We benefit from a rich spiritual and theological tradition that continually calls us into communion. This draw to communion has shaped the Church's ecumenical outreach, preferential option for the poor, and social morality, all of which are buttressed by Scripture. However, this mission is not without its distractions and hurdles. In the second chapter of Galatians, St. Paul supplies the reader with a prime example of the traps to which we Christians can often succumb. Here, he confronts the apostle Peter for his failure of courage and the hypocritical behavior born from it. Paul speaks to the need to proclaim the truth of the gospel by the living out of our Christian faith. This requires that we radically embrace the examples of Jesus' own life-a life riddled with occasions where he purposefully challenges the Law for the sake of salvific love, where he eats with the socially unclean despite the social ramifications it has on his own person. In the same manner, we are called to a similar action in our contemporary social milieu. In a time when we as a community debate over who is afforded the rights of receiving Communion and who is socially unclean by virtue of their politics, their sexual orientation, or their perspectives on reproductive rights, we find ourselves in need of Paul's confrontation. When our present day apostles declare that they will refuse Communion to persons based on the aforementioned social "stigmas," we once again experience the hypocrisy of himself whose courage was found wanting. Are we not all, regardless of our particular social proclivities, called to the one table? What I like most about the Church is our struggle towards communion.
What was you biggest surprise in entering the Religious Life?
I was surprised by the valuable friendships that I have formed with people who are quite opposite of myself. These friendships are one of my most valuable treasures.
What is your favorite book and why?
This is a very difficult question, being that I am not particularly good at narrowing down books.

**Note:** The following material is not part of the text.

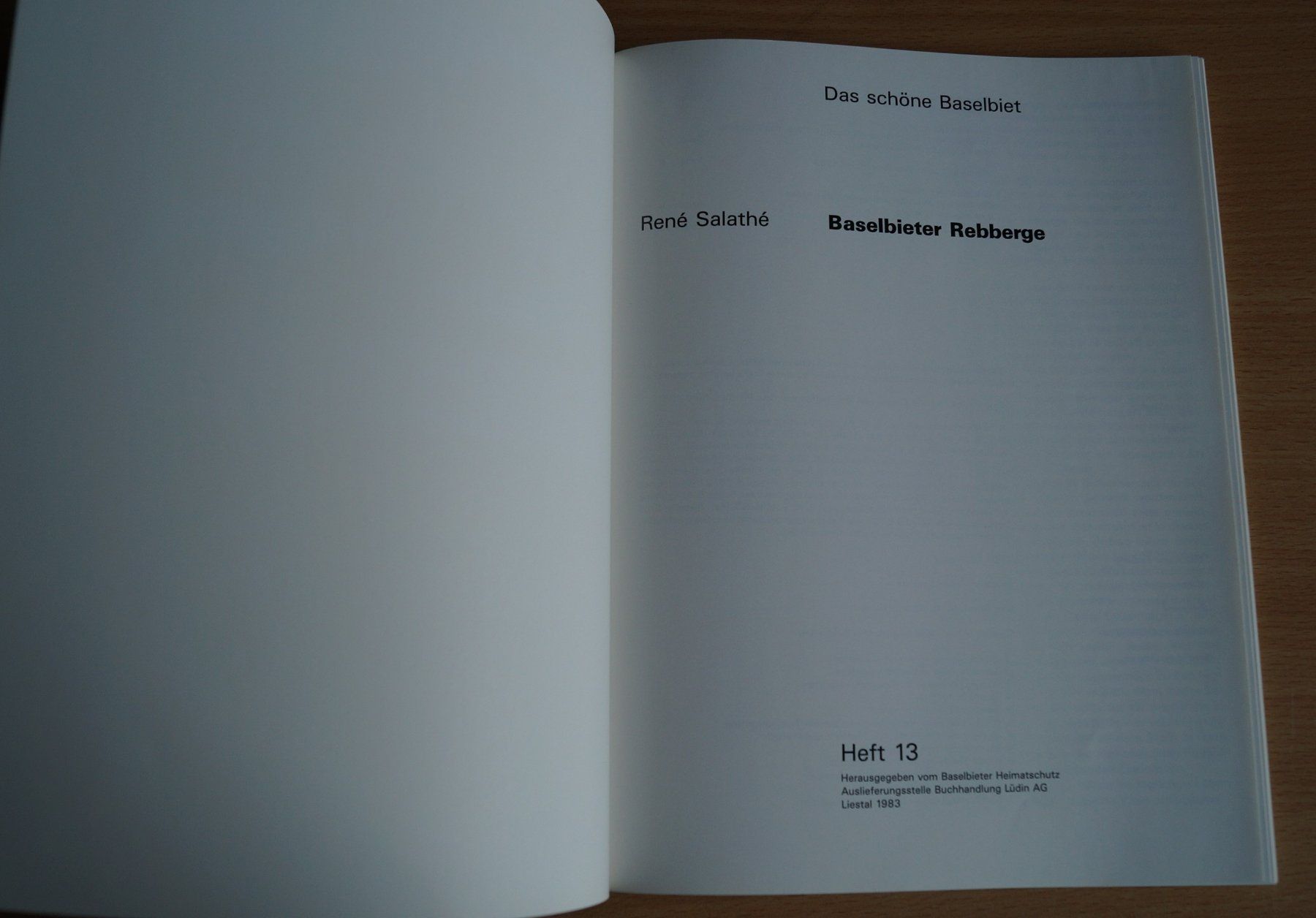 Libri: Broschüre Baselbieter Rebberge – Usato da Böckten venduto da Hansi36 2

I love Shakespeare, and my favorite of his works is "Titus Andronicus," because it is truly an awesome and twisted look at one slice of the human condition.
Favorite movie and why?
"Romero." San Salvador's Archbishop Oscar Romero has always been a hero of mine.
What do you do in your free time?
Any free time I have is split between working on my thesis and hanging out with friends.
What kind of music do you listen to?
Jazz, Blues, Country, Rock, Classical, Gospel, etc. I'll listen to mostly anything.
Mark is an Oblate brother-in-formation, which means he has professed the vows of poverty, chastity, and obedience with the Oblates as a Religious Brother. He will renew these vows every year until he professes them perpetually at the end of his formation. Presently, he is in pursuit of a Master of Arts degree in Theology at the Washington Theological Union.